Choose metrics
Defines metrics and describes how to add a primary and secondary metric in Optimizely Feature Experimentation.
Metrics are a quantitative measure of the success of your experiment. They tell you whether the variations in an experiment are winning, losing, or inconclusive based on changes in visitor behavior in response to your experiment.
Let us use a simple example. Suppose your site has an Add-to-Cart button. You would use an event to track every time the button is clicked. You would use a metric to measure the percentage of users who added to the cart at least once or the average number of items added per user.
Choosing primary and secondary metrics
The primary metric is the one Optimizely Feature Experimentation uses to determine a statistically significant winning or losing variation. It’s the most important goal of the experiment and decides whether your hypothesis is proven or disproven. In Optimizely Feature Experimentation, the primary metric will always achieve statistical significance at full speed, regardless of any other goals or events added.
All other metrics are secondary or monitoring metrics; select metrics that will give you insights into long-term success. See Primary, secondary, and monitoring metrics.
Identifying the right metric is a huge factor in determining whether your experiment will have statistically significant results.

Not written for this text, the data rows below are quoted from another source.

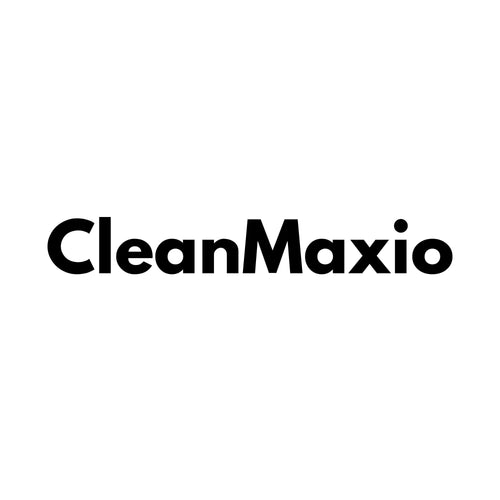 CleanMaxio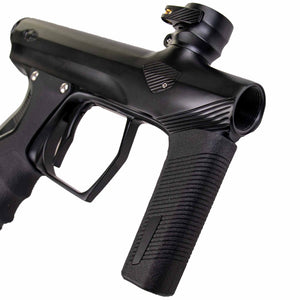 Shocker ERA - Black
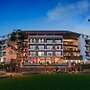 Whistling Woodzs Resort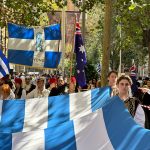 march 25 greek independence day sydney (9)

See these support articles:
- Choosing primary vs. secondary metrics
- When to use each type of metric
- Focusing on metrics that matter
And, of course, if you run into trouble, check out our article on troubleshooting metrics.
How metrics are calculated
Optimizely Feature Experimentation creates metrics by aggregating events over time. Directly track actions like clicks, pageviews, form submissions, purchases, and scroll depth. After you create an event and add it to an experiment, you will decide how it is displayed as a metric.
Adding metrics to experiments
Every Optimizely Feature Experimentation experiment needs at least one metric. You can add or modify metrics at any time. For details, see Run A/B tests. View the metrics attached to your experiment on the Results page.